Powser Ghosts

Elizabeth Kurtak Gallery in Fraser Colorado.

There are dozens of hidden gems across America. Talking ski towns that fly under the radar.  Most people haven’t heard of these towns, which is just fine with the locals that live to play. These are the places without gloss, the unknown gems, where the locals are friendly and shops are locally owned. Some have terrain for everyone, while many are for experts with a passion for something more and become embedded in a back country paradise. Typically reached via long miles of scenic driving, they all deliver some of the most unspoiled skiing North America has to offer.

We have been blessed with such a place, a place where you once caught freshies days after a storm.  If you haven’t noticed, those days are gone and the streets are abuzz with the talk of the Valley close to Denver.  Like it or not we are staring at the land rush of the century.

A wise man once said the only constant in life, is change.

In the last couple of years, Winter Park and the Fraser Valley have been in the media spotlight. Poll inclusions and well placed marketing awards have shined down on our diamond in the rough. Just a couple of years back Fraser Colorado was put on a prestigious list of unknown gems by National Geographic.  It went something like this.

FRASER, COLORADO   Best For: Adventurous families with a taste for top-of-the-world skiing
Fraser is an anomaly in the resort-packed northern half of Colorado—a humble, affordable town in the shadow of a premier ski area. Somehow managing to skirt the popular radar, this railroad town of 910 maintains the air of a funky, back-of-beyond Western hamlet even though it’s only 70 miles from Denver. You don’t come here for the nightlife scene, unless you count the illuminated tubing hill on the slopes behind town. But there’s a great pizza shop, saloon, bowling alley, and a ski shop, Joe’s Backcountry Repair, that will hand-tune your planks. You can also still take the train here, with a small Amtrak station right in town.
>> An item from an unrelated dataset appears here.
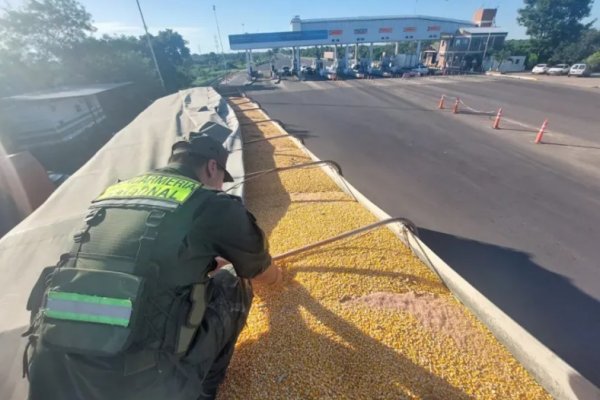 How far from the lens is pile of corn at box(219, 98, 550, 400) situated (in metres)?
1.95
Five miles up the road, its runs visible from town, is Winter Park Resort, a complex, sprawling ski area with 3,081 acres of terrain, 3,060 feet of vertical, and 25 lifts. The two primary mountains, Winter Park, for beginners, and Mary Jane, for the experts, are like two different ski areas. There are several other distinct zones, many with high-speed chairs, that disperse the weekend rush of skiers. Mary Jane is famous for its bump runs, but the larger resort is dominated by groomers and wilder blue runs, with some scenic, above-timberline options that can make intermediates feel like mountaineers. The resort for its owner, the City of Denver, has given it its usual mega-resort, condo-explosion treatment, but it hasn’t diminished the eclectic charm of Fraser (or its sibling, the town of Winter Park) nor the adventurous, family-friendly feel of the mountain itself but it’s changing fast and if you want a piece of the mountain lifestyle the door is wide open.

That was a snippet of an article written by Aaron Teasddale for National Geographic.  Fraser Colorado was buried in a list that included, MCCALL, IDAHO.  GLACIER, WASHINGTON.  SMITHERS/TERRACE, BRITISH COLUMBIA. MOUNT SHASTA, CALIFORNIA. PHILIPSBURG, MONTANA. COOKE CITY, MONTANA. PAGOSA SPRINGS, COLORADO. These towns sound familiar?  Vaguely?  Well think about this.  

Those communities are miles and miles away from civilization. None of them are at the back door of a metropolitan region expecting a short-term, exponential front range explosion, a populous that will overwhelm our states resources and the Fraser Valley.  

As the capita pre square mile continues to tax our lifestyle, I would hope we can continue to be respectful of each and everyones life quest.